I walked into my comics shop last week, and was greeted by a sign with a digital countdown. There was less than a week until the first issue of Sandman: Overture would appear. I’d previously read the books in collected form, and I decided to try reading this one month-by-month, the way people read the original books. When I first read Neil Gaiman’s Sandman series of “graphic novels”, I was already a fan of comic books. I’d read the classics of the field, but Sandman was my first venture into long-form, non-superhero fiction. For those who haven’t read it, the series is a sprawling tragedy that deals with dreams, inner lives, and the rich inner landscape that lives in each of us. There are so many themes and sub-arcs described within Neil Gaiman’s masterpiece that to describe any of them is to do a disservice to the rest. Neil Gaiman’s previous effort to return to the world of Morpheus, Endless Nights, had its moments, but it felt a little too modern and experimental for my tastes. Sandman stories should feel old, like something plucked out of a dusty book.

Happily, the first issue of Sandman: Overture very much feels like the Sandman of old. The art by J.H. Williams III is multilayered almost to the point of being baroque, but without seeming gratuitously ornate or difficult to follow.

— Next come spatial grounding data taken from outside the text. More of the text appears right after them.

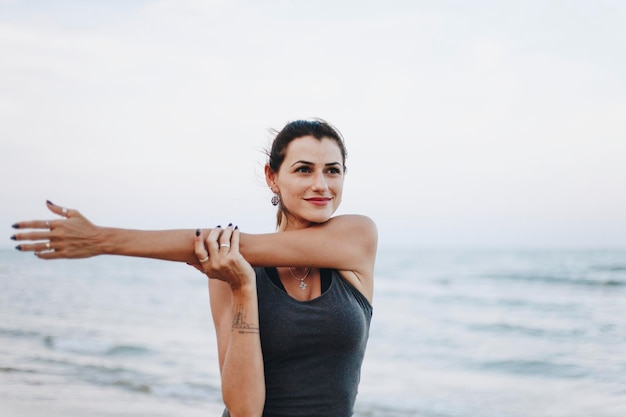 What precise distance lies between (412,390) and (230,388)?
5900 millimetres

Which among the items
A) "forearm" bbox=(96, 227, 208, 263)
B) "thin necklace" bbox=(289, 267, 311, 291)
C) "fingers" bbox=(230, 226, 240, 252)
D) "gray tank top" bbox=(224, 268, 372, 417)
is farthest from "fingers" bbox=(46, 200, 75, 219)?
"thin necklace" bbox=(289, 267, 311, 291)

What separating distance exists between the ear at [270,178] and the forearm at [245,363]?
600 millimetres

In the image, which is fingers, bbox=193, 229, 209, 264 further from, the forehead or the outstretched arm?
the forehead

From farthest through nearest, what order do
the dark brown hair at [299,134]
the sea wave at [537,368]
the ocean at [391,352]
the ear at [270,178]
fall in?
the sea wave at [537,368], the ocean at [391,352], the ear at [270,178], the dark brown hair at [299,134]

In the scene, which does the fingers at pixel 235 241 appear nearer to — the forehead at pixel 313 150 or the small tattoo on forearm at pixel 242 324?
the small tattoo on forearm at pixel 242 324

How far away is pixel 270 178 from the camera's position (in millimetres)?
2990

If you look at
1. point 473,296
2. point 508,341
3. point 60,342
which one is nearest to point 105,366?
point 60,342

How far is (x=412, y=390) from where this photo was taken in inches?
316

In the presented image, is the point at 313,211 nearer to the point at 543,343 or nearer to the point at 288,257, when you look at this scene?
the point at 288,257

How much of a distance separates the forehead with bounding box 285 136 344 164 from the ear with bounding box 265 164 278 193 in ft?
0.56

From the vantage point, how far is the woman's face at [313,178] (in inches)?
108


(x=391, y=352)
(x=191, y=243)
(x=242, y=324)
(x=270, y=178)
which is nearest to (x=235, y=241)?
(x=191, y=243)

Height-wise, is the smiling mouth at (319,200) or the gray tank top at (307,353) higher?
the smiling mouth at (319,200)

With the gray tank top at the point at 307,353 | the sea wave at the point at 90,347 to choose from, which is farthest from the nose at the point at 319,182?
the sea wave at the point at 90,347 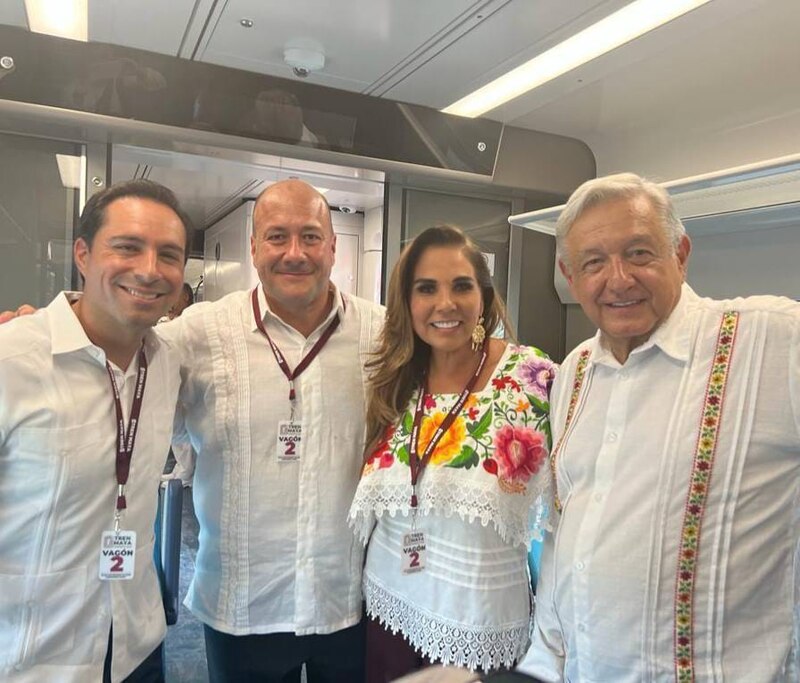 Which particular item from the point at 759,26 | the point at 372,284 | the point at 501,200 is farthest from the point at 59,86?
the point at 372,284

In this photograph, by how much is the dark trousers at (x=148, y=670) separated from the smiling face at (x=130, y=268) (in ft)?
2.33

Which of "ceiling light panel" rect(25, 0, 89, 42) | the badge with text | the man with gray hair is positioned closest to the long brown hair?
the badge with text

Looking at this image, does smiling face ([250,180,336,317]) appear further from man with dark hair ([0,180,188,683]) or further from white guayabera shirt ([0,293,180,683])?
white guayabera shirt ([0,293,180,683])

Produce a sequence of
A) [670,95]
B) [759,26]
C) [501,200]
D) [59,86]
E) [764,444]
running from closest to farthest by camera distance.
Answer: [764,444] → [759,26] → [59,86] → [670,95] → [501,200]

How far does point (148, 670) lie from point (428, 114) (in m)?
2.35

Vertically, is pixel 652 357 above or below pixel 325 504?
above

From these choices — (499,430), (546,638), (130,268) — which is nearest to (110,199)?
(130,268)

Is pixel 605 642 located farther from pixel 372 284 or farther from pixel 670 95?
pixel 372 284

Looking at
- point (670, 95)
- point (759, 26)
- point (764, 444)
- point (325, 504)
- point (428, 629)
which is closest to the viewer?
point (764, 444)

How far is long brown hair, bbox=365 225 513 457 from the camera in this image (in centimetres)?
180

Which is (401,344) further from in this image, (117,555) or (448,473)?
(117,555)

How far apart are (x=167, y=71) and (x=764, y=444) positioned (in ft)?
Answer: 7.66

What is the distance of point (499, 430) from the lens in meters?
1.63

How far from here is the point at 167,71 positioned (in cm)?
247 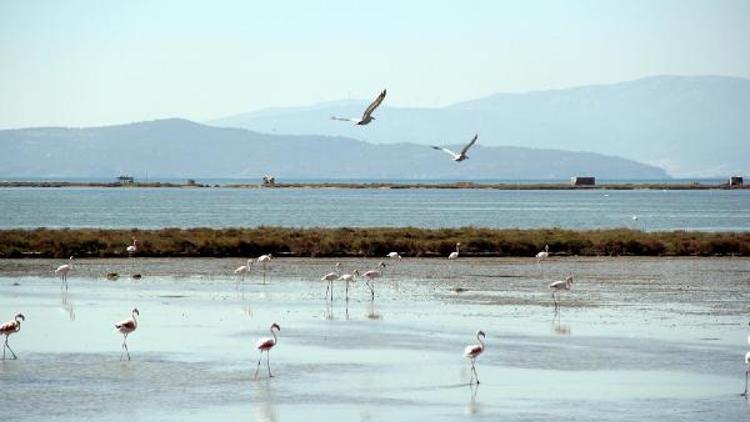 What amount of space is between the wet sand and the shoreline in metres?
7.14

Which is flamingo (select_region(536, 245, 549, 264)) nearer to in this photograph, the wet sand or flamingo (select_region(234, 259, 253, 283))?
the wet sand

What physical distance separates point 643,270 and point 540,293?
Result: 7.79 m

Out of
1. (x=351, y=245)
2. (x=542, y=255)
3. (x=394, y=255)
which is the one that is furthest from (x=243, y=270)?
(x=351, y=245)

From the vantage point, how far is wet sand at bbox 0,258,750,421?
1669 cm

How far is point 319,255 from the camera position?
4331 cm

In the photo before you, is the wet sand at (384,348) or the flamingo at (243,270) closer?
the wet sand at (384,348)

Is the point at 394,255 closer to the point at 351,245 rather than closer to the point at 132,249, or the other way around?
the point at 351,245

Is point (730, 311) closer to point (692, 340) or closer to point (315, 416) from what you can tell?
point (692, 340)

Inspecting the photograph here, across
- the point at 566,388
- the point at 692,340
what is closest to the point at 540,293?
the point at 692,340

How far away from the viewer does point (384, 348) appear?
2183cm

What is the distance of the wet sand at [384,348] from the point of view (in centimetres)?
1669

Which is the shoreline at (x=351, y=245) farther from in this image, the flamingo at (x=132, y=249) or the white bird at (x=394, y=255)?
the white bird at (x=394, y=255)

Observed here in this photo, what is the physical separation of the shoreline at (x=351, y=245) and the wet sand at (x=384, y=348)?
7138mm

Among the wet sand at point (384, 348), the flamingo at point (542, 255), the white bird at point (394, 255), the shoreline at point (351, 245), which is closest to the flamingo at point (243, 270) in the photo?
the wet sand at point (384, 348) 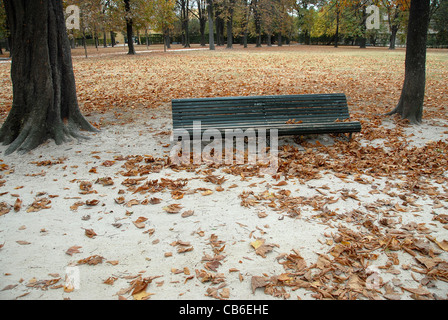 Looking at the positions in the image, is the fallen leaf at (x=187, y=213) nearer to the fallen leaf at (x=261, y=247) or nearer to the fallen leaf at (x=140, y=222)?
the fallen leaf at (x=140, y=222)

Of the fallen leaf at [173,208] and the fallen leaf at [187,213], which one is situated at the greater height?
the fallen leaf at [173,208]

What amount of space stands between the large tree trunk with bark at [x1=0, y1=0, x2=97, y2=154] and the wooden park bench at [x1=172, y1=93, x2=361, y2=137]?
82.6 inches

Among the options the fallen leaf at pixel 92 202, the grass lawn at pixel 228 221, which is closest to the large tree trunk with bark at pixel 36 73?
the grass lawn at pixel 228 221

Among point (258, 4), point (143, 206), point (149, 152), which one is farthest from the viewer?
point (258, 4)

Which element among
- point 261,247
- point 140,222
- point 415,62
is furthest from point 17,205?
point 415,62

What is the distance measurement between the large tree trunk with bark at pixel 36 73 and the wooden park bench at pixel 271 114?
2.10 m

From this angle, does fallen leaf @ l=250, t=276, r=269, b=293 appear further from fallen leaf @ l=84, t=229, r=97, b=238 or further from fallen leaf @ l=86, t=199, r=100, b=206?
fallen leaf @ l=86, t=199, r=100, b=206

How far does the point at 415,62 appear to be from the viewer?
677cm

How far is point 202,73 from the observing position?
46.5 ft

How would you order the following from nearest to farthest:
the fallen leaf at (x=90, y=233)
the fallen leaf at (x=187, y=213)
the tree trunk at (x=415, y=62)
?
the fallen leaf at (x=90, y=233), the fallen leaf at (x=187, y=213), the tree trunk at (x=415, y=62)

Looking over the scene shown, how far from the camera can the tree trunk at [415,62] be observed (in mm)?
6457

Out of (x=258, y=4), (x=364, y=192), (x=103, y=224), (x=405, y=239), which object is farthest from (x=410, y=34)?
(x=258, y=4)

While Williams doesn’t attain the disturbing, nearly mystical beauty he did in Alan Moore’s Promethea series, he doesn’t have to. Sandman has always been about portraying the personal, small side of grand events. His style of taking a backseat to the action serves the story well: The images here are beautiful and decorative where they have to be, stark and ornate where the pictures need to focus the reader on Neil Gaiman’s beautiful words.

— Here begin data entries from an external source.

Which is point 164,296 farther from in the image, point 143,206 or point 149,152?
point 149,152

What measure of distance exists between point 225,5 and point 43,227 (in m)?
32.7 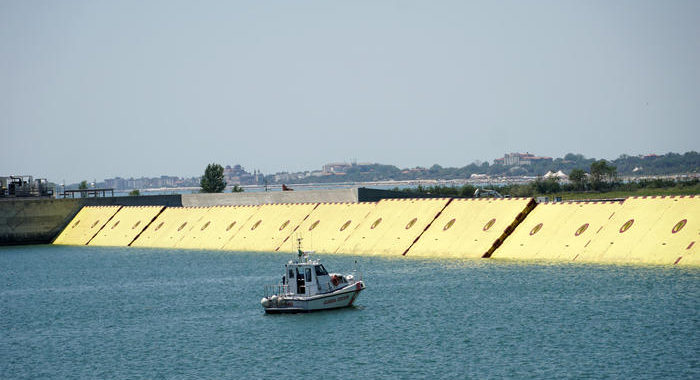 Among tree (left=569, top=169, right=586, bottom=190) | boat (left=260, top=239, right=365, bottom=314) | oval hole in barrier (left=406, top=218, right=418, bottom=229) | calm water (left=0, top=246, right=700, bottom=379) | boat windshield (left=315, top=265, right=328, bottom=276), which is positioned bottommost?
calm water (left=0, top=246, right=700, bottom=379)

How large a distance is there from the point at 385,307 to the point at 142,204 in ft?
202

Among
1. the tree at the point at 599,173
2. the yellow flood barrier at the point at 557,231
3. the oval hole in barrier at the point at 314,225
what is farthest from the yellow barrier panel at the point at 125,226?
the tree at the point at 599,173

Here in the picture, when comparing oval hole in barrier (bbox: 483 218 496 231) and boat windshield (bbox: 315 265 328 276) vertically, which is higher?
oval hole in barrier (bbox: 483 218 496 231)

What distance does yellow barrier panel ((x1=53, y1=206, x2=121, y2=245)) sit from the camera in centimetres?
9319

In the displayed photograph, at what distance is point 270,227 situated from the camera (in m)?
78.9

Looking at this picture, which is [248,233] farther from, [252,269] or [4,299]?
[4,299]

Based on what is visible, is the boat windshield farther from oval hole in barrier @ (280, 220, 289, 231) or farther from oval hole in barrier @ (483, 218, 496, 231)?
oval hole in barrier @ (280, 220, 289, 231)

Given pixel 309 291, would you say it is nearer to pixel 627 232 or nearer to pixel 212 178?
pixel 627 232

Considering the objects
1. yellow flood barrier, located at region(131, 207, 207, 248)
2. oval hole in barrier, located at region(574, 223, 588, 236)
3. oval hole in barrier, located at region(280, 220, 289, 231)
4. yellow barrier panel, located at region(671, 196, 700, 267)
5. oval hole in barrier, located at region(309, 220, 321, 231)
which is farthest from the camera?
yellow flood barrier, located at region(131, 207, 207, 248)

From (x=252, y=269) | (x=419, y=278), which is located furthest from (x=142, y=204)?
(x=419, y=278)

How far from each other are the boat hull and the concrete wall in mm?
57099

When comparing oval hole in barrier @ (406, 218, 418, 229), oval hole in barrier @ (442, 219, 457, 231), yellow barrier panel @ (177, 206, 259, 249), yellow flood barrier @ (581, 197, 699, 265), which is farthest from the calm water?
yellow barrier panel @ (177, 206, 259, 249)

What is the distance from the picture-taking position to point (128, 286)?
58469 mm

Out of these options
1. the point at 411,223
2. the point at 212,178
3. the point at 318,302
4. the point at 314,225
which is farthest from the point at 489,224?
the point at 212,178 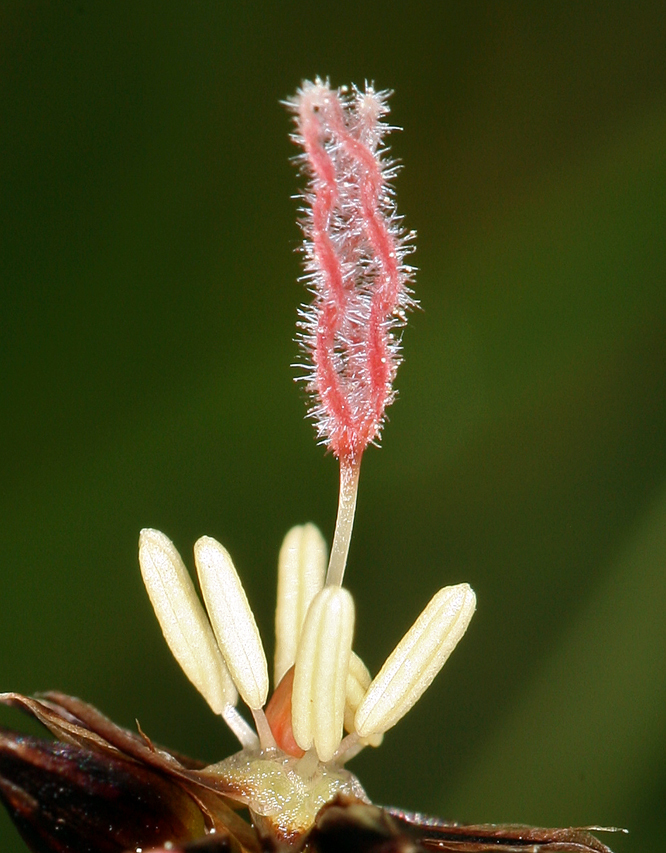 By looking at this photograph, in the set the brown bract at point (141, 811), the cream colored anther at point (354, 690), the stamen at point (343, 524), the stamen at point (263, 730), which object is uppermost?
the stamen at point (343, 524)

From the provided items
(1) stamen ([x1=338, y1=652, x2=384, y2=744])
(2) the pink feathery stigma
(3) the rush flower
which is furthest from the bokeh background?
(2) the pink feathery stigma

The story revolves around what the Sandman was doing before he was imprisoned all the way back in issue one of the original series, and it involves a planet with three alien species, one of them a race of dreaming plants. Subplots include the Corinthian, an unsettling dream figure with a habit of eating human eyes; and Dream’s siblings Destiny and Death, in a plot that looks to be leading up to events of the main series.

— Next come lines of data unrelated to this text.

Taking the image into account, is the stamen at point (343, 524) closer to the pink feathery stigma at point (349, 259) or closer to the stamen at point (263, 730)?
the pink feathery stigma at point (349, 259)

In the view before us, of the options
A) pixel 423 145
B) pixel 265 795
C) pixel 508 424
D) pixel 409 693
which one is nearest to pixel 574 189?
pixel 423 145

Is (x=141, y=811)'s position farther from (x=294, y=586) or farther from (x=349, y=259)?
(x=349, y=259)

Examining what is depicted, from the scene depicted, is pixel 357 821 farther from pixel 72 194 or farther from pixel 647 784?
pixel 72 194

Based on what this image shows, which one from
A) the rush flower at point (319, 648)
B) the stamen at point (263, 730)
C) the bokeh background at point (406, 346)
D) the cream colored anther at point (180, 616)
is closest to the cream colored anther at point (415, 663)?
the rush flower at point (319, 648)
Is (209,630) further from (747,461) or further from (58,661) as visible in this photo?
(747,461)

The story is cosmic, the prelude to a tragedy writ large. In typical Gaiman fashion, these plots are anything but straightforward or simple, and it’s obvious that we’ve only seen the earliest wisps of plot threads in this volume. A large-scale epic can be hard for the reader to identify with. It’s far too early to have bought into the story or characters of Sandman: Overture other than what we already know about them. Nevertheless, this setup shows promise. Neil Gaiman’s characters have always been excellently drawn, his tales unforgettable. I have high hopes that both will live up to the promise of this gorgeous book, and I’m very much looking forward to issue 2.


3 thoughts on “Sandman: Overture 1

  1. Funny enough, I’m actually reading the TPB of the original series. I always heard that Sandman was amazing–but holy crap amazing is a freaking understatement. I imagine that Sandman rivals Watchman in terms of how dense each comic is.

    1. I think that Sandman is Neil Gaiman’s best work, hands down, although American Gods and The Ocean at the End of the Lane come close. It’s also that rare thing: A work that’s accessible, immediately appealing, and one that benefits from re-reading over time.